▶ **What you have to do**: All that should be output is the block of lines below from the line with "Скачать Devil May Cry 4" to the line with "Vintage Plain Deci Long Sleeve T-Shirt", both included, exactly as written.

▶ **Records shown**:

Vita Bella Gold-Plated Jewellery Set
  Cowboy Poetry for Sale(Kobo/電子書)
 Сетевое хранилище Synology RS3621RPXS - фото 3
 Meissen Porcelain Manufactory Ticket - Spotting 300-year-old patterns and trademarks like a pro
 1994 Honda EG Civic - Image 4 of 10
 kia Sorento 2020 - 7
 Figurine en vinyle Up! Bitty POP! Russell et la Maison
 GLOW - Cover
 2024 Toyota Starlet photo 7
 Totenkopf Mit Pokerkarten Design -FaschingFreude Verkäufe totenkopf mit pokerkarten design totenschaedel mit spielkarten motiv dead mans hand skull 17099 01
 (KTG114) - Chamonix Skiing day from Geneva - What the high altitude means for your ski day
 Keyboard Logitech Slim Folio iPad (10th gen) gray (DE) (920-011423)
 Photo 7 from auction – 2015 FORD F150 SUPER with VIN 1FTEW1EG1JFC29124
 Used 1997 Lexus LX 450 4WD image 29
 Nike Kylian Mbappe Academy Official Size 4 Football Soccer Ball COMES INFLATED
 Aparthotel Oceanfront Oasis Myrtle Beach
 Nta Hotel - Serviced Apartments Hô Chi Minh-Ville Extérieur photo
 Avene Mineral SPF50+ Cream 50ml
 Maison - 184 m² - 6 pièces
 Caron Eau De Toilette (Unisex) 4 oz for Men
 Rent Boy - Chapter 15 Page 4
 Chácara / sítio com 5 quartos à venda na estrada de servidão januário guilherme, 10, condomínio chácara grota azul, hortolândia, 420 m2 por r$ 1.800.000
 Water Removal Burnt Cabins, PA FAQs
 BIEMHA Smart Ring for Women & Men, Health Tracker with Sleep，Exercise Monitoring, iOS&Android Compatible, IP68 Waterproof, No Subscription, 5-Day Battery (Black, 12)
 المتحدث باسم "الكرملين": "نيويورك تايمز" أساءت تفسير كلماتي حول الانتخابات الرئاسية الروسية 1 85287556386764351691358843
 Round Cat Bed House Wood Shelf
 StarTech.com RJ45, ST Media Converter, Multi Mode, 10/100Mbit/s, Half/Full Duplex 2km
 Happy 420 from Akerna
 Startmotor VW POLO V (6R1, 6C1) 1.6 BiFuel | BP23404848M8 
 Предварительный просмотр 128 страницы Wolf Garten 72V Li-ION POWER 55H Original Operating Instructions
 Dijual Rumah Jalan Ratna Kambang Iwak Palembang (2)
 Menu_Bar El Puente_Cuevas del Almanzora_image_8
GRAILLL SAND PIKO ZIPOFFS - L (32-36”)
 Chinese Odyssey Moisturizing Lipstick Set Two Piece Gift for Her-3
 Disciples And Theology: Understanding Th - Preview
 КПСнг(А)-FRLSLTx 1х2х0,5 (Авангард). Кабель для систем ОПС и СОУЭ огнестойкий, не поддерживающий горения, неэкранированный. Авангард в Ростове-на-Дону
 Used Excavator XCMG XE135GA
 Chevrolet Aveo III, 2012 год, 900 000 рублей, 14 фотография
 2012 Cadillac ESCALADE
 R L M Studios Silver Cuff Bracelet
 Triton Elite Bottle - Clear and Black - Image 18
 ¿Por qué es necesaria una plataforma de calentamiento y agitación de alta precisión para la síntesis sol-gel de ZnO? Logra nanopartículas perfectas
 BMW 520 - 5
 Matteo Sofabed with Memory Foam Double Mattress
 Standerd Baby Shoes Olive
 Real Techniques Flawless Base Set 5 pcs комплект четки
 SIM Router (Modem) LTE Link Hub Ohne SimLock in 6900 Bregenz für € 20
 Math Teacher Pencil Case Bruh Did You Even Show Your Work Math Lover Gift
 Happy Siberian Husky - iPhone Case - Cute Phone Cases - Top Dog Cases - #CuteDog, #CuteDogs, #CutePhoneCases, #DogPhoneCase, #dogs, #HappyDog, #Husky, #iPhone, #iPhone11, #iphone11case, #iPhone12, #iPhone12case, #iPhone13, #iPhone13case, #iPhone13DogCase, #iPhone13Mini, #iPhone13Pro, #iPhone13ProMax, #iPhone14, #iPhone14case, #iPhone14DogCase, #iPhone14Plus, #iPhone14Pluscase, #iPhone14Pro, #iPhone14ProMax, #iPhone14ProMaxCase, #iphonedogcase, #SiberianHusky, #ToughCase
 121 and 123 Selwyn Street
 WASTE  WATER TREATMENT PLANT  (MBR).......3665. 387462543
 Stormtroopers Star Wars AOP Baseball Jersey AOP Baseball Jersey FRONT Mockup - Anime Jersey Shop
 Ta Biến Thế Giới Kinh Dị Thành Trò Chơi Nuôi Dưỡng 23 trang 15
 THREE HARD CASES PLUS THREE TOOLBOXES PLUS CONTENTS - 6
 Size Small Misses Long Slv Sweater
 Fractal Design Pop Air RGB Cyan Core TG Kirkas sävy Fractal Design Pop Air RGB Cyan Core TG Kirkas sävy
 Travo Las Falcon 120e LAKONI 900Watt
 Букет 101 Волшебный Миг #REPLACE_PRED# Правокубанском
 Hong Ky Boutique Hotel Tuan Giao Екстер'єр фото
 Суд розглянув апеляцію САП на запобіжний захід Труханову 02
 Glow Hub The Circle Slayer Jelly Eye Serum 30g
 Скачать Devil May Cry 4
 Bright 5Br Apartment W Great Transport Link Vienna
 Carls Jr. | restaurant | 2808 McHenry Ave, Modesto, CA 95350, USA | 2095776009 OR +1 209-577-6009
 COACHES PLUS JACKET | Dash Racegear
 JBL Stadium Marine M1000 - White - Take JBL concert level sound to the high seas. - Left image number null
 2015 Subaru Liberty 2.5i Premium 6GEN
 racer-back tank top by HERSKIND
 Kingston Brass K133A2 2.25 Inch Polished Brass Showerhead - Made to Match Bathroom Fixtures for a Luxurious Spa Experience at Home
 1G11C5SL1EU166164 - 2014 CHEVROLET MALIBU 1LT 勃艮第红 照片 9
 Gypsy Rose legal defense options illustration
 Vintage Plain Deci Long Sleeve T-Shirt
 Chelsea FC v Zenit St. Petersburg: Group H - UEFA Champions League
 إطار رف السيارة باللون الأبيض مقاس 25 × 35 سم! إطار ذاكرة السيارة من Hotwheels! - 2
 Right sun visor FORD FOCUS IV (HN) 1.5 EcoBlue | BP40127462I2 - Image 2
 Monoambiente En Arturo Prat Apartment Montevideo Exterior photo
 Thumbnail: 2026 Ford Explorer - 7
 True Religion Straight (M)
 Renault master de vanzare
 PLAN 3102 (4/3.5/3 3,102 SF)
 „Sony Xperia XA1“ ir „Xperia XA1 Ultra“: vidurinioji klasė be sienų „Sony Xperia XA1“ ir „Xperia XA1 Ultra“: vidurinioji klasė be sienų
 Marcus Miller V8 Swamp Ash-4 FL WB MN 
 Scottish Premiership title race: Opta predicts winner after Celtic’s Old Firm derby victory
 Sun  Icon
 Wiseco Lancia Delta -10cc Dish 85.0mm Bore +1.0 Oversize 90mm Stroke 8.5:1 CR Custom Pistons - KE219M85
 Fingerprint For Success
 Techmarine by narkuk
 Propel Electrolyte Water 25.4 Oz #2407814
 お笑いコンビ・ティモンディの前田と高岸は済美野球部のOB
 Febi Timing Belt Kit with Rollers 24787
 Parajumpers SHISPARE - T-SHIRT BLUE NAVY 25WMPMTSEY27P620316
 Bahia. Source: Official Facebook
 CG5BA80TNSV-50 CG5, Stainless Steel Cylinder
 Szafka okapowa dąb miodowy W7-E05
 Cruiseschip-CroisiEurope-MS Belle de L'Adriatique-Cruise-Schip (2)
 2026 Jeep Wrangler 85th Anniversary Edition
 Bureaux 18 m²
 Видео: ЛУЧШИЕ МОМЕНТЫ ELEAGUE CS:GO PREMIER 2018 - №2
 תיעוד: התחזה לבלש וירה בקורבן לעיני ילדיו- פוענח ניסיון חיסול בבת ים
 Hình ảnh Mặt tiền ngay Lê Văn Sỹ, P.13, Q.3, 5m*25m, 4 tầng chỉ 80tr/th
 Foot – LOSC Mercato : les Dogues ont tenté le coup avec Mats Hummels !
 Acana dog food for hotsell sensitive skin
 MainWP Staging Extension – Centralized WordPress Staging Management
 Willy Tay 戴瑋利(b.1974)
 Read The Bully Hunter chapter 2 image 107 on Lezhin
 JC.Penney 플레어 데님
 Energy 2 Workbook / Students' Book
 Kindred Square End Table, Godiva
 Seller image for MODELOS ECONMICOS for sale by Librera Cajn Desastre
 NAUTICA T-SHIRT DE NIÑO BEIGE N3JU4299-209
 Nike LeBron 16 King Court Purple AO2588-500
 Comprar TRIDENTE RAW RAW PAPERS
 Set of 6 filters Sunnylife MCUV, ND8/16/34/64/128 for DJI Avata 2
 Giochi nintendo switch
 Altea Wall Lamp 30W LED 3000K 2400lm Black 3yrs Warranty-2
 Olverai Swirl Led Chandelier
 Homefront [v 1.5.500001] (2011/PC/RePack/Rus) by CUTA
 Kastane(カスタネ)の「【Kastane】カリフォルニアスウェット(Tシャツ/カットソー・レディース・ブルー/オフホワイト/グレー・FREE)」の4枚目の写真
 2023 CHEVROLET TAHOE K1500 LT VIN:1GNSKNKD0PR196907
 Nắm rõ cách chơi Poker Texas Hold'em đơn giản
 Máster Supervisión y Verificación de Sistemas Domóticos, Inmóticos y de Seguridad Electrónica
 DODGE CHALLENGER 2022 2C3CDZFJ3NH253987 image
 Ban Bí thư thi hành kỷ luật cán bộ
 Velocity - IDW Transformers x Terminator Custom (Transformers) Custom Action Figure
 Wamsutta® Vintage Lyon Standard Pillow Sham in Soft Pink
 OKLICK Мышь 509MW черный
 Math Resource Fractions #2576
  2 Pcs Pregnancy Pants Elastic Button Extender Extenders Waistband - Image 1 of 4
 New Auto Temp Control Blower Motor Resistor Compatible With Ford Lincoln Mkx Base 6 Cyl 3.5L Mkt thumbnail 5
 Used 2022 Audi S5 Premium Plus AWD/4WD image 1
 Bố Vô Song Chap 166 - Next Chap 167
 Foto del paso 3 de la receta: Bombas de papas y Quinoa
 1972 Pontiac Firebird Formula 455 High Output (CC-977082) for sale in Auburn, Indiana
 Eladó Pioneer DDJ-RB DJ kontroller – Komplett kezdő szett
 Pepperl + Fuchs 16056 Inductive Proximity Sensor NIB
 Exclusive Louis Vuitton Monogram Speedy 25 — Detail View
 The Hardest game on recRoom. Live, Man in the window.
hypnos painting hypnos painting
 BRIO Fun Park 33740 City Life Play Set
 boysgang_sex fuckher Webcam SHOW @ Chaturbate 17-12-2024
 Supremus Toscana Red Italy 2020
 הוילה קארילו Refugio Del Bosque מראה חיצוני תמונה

▶ **Answer box**:
 Скачать Devil May Cry 4
 Bright 5Br Apartment W Great Transport Link Vienna
 Carls Jr. | restaurant | 2808 McHenry Ave, Modesto, CA 95350, USA | 2095776009 OR +1 209-577-6009
 COACHES PLUS JACKET | Dash Racegear
 JBL Stadium Marine M1000 - White - Take JBL concert level sound to the high seas. - Left image number null
 2015 Subaru Liberty 2.5i Premium 6GEN
 racer-back tank top by HERSKIND
 Kingston Brass K133A2 2.25 Inch Polished Brass Showerhead - Made to Match Bathroom Fixtures for a Luxurious Spa Experience at Home
 1G11C5SL1EU166164 - 2014 CHEVROLET MALIBU 1LT 勃艮第红 照片 9
 Gypsy Rose legal defense options illustration
 Vintage Plain Deci Long Sleeve T-Shirt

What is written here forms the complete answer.